Через полчаса акушерка мчалась по санному пути куда-то вдаль, навстречу западному солнцу, а Миреле, грустная и спокойная, лежала снова на кровати. Монотонным, едва слышным голосом пригласила она присесть явившегося вдруг помощника провизора Сафьяна и так же тихо отвечала на его вопросы:
— Нет, раньше, чем к вечеру, акушерка домой не вернется.
Помощник провизора Сафьян был, как всегда, нервен, взволнован и мрачен. Он смотрел выпуклыми, бесцветными глазами не на нее, а куда-то в угол, был, по-видимому, сердит на акушерку и молчал. И после его ухода осталась в комнате какая-то тяжелая пустота. Тишина стала еще глубже — слышно было, как под окном бегают взапуски деревенские девчонки в сапожках: гоняются без устали друг за дружкой и без умолку хохочут.

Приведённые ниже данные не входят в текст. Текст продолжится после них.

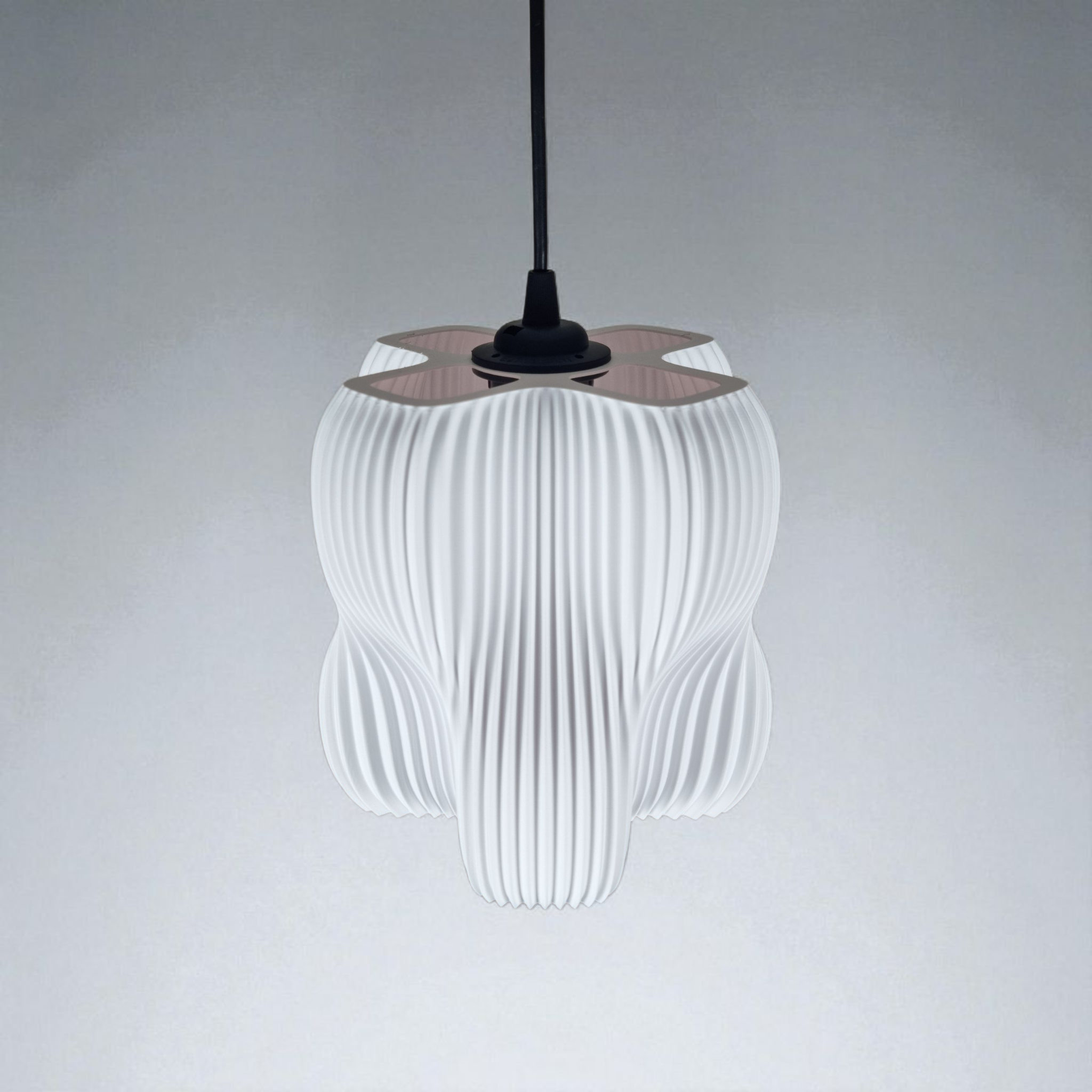 A pendant lamp with a sculptural design featuring an organic, four-lobed shape and a finely striated white surface that diffuses light softly. It hangs from a black cord against a neutral backdrop, creating a modern focal point.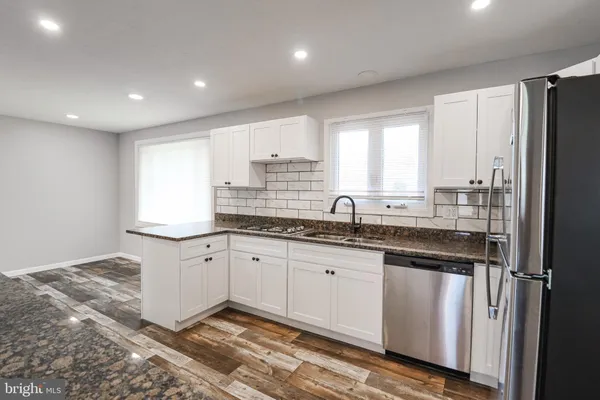 a kitchen with granite countertop a sink stainless steel appliances and cabinets
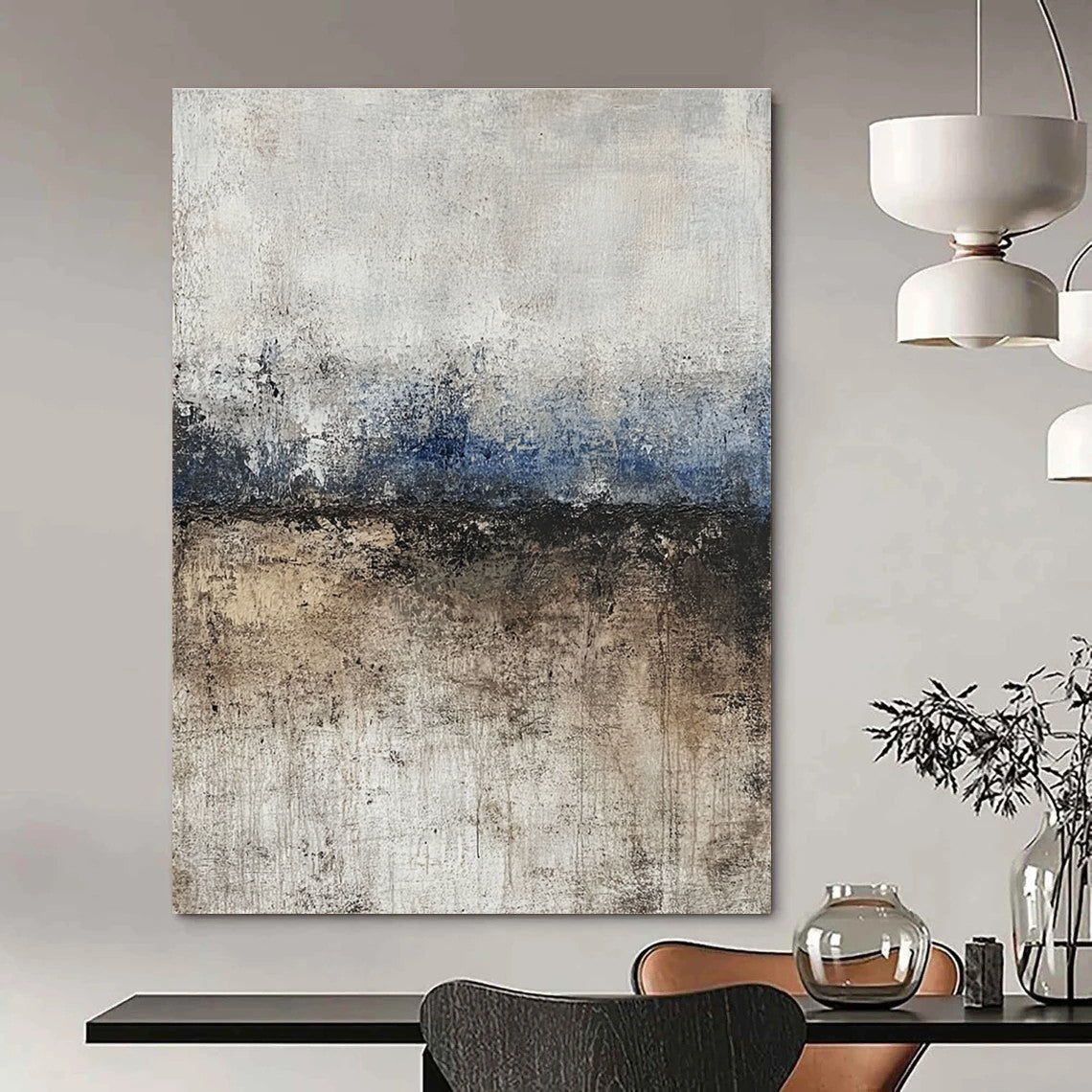 Large abstract painting featuring soft edges and subtle color transitions of beige blue-gray and brown with a path leading to tranquil water.STSC125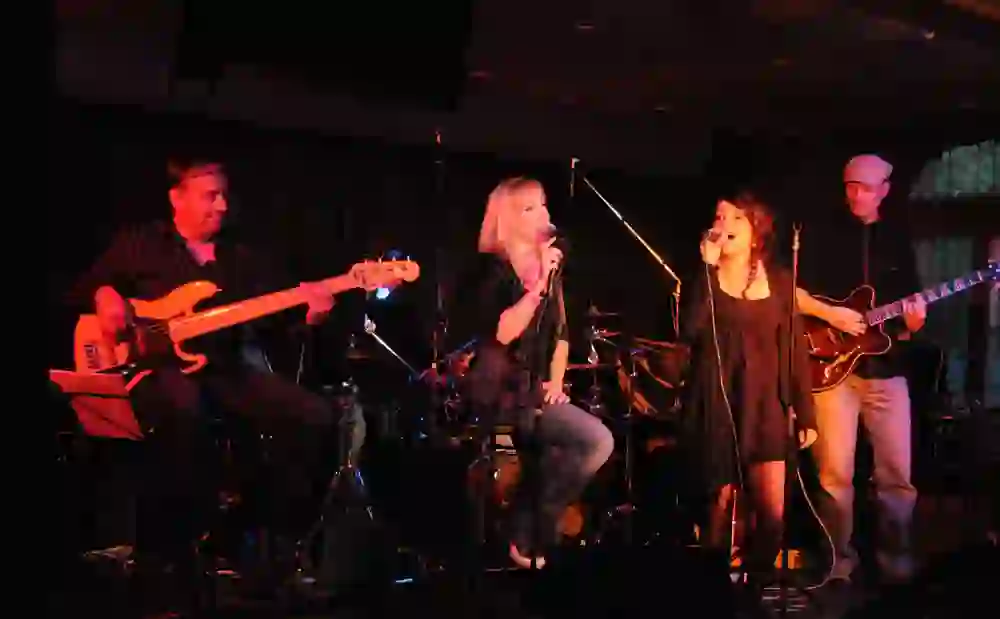 Das Bild fängt eine Band bei einem Konzert in der Mahogany Hall ein, mit Sängerinnen, die emotional performen, einem Bassisten und einem Gitarristen, die konzentriert spielen. Die intime Beleuchtung erzeugt eine herzliche und einladende Stimmung, typisch für Live-Musik-Veranstaltungen.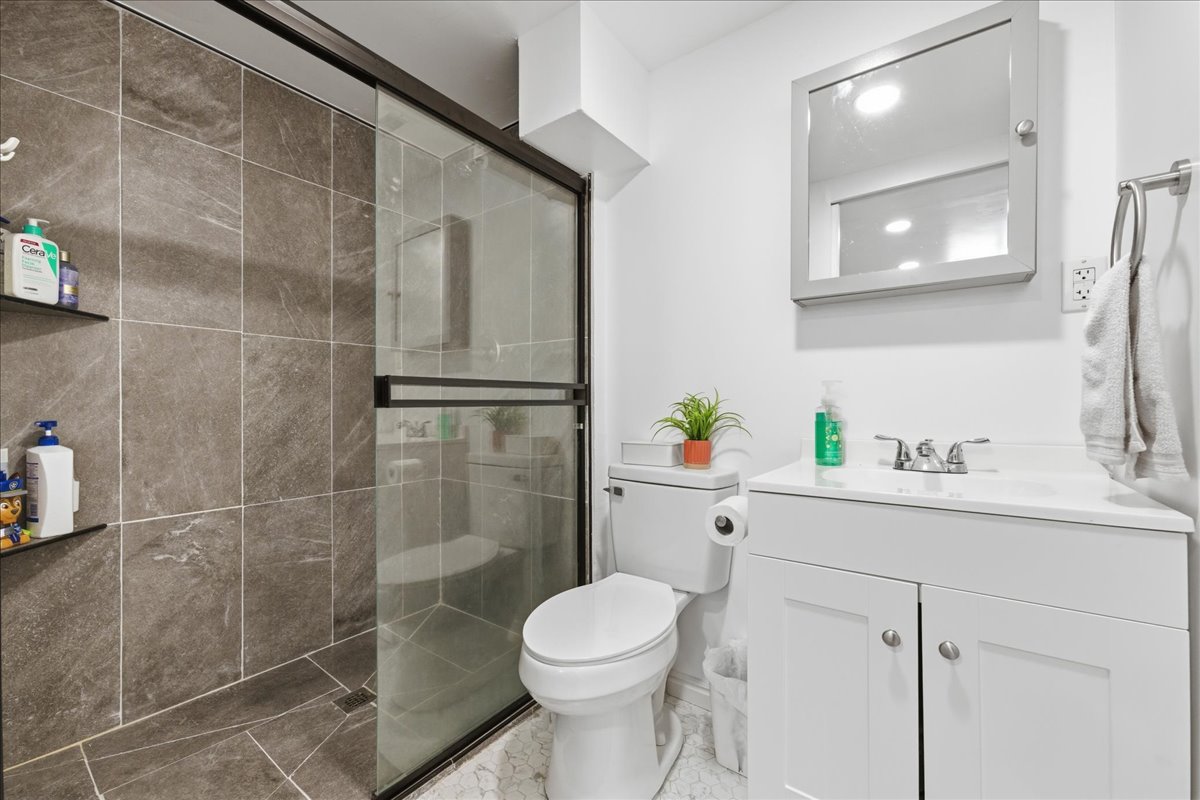 3/4 Bathroom featuring vanity and a shower stall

Миреле уселась на кровати, задумалась и устало загляделась на четырехугольное солнечное пятно, игравшее на полу.
Вдруг она оделась, заперла дверь акушеркиной горницы и вышла на улицу. Было около четырех, и на юго-западе сияло солнце, а легкий морозец под этим морем света переливался мириадами серебряных и алмазных искр. Деревенские девчонки в сапожках все еще бегали взапуски и без умолку хохотали. Миреле свернула влево, по направлению к городу. Она шла медленно, оглядываясь порою по сторонам.
Было свежо и чуть-чуть морозно. Где-то далеко, в большом шумном городе молодая мать, вероятно, в первый раз выслала на прогулку бонну с трехлетним ребенком, и ребенок вернулся домой радостный, с румяными щечками, со свежим, смеющимся личиком, твердя без умолку:
— Мама, весна, весна!
В городке, возле синагоги, что немного пониже аптеки, стояла кучка постящихся прихожан разных возрастов; они терпеливо ждали заключительной молитвы и развлекались, глазея на уличных мальчишек, перебрасывавшихся снежками. Появление Миреле отвлекло их внимание от мальчуганов. Они знали: она, Миреле Гурвиц, покинула дом своего отца и живет там… у акушерки Шац.